No matter, the Defendant’s claim that he had indicated his intention to move was dismissed. The judge rightly read that it was a spur-of-the-moment decision that unfortunately had disastrous consequences for Marcel. The driver of the car was found 100% liable for Marcel’s injuries.
But before all this went to court, our more pressing concern was to see that Marcel was receiving the very best treatment in the meantime. That’s why we actively pursued some interim payments from his compensation claim to pay for Marcel to spend time in a specialist brain injury rehabilitation centre and also to find a home more suited to his changed needs, and to pay for adapting that home for his purposes.

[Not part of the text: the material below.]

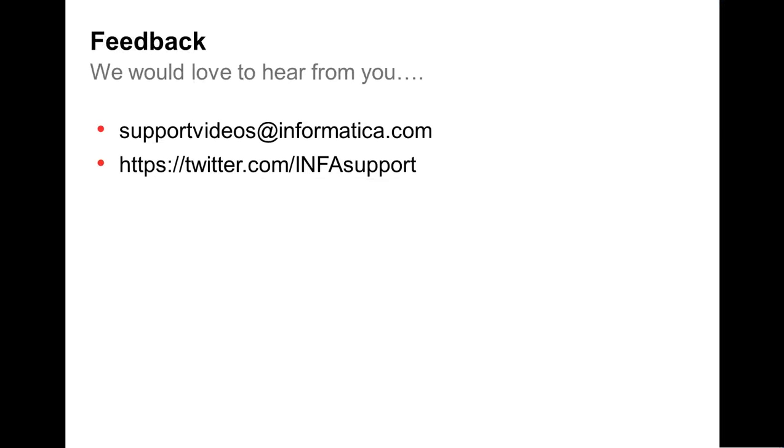And we would love to hear any feedback from you at one of these channels over Twitter or our email. Thank you!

During the course of the litigation, we have managed to procure three interim payments in excess of £500,000 that have helped Marcel do just that.
Since the accident, Marcel been unable to make decisions about his claim on his own, so his uncle, Cadell Beasley, acts as his litigation friend. Furthermore, a professional deputy has been authorised by the Court of Protection to oversee his financial affairs.
Meanwhile, Marcel’s rehabilitation continues apace. He has spent a lot of time in a specialist brain injury unit but is soon to move into his specially adapted bungalow where he’ll be helped by two support workers at all times. Not to mention full rounds of physiotherapy, speech and language therapy, psychological therapy and occupational therapy. We’ve employed a case manager to co-ordinate all these different rehabilitation needs for Marcel.
And it’s working. We’re delighted to see that he is making great progress. His family is thrilled with how well he’s doing. It’s a long, difficult road for him but he’s not doing it alone and he has a tremendous support network behind him.